What to work on: Set down exactly the entries below, beginning at their first line and ending at the line with "CrazyMar Haartrockner Ionen, Föhn".

[Short web captions]
== Segment start ==

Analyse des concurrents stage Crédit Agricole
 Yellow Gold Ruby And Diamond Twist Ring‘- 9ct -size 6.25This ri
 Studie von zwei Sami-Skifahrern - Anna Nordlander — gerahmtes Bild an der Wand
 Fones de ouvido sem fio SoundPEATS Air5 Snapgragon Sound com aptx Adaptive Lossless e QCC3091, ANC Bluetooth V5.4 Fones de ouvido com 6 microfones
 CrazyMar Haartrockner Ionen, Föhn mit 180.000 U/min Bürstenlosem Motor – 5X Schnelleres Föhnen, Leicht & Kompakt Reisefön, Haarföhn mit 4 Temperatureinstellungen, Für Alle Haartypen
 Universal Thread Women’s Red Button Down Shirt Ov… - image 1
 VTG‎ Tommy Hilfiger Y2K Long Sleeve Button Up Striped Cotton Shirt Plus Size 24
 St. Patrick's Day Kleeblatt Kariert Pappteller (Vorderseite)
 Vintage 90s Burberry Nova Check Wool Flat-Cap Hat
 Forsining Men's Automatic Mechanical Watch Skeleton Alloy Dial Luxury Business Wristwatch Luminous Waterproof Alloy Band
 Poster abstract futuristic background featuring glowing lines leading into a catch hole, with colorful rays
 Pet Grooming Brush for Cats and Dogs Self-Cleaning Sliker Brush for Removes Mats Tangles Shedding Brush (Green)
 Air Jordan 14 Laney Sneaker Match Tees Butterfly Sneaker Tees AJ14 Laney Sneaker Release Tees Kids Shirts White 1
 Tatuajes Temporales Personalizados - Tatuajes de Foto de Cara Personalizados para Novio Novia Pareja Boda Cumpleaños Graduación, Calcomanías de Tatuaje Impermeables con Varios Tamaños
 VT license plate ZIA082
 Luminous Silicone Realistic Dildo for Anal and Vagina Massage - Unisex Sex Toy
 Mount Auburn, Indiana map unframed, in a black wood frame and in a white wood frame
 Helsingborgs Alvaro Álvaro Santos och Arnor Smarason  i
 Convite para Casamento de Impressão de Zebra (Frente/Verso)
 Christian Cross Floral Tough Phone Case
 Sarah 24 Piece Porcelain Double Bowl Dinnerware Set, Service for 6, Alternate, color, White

== Segment end ==

Your solution:
Analyse des concurrents stage Crédit Agricole
 Yellow Gold Ruby And Diamond Twist Ring‘- 9ct -size 6.25This ri
 Studie von zwei Sami-Skifahrern - Anna Nordlander — gerahmtes Bild an der Wand
 Fones de ouvido sem fio SoundPEATS Air5 Snapgragon Sound com aptx Adaptive Lossless e QCC3091, ANC Bluetooth V5.4 Fones de ouvido com 6 microfones
 CrazyMar Haartrockner Ionen, Föhn mit 180.000 U/min Bürstenlosem Motor – 5X Schnelleres Föhnen, Leicht & Kompakt Reisefön, Haarföhn mit 4 Temperatureinstellungen, Für Alle Haartypen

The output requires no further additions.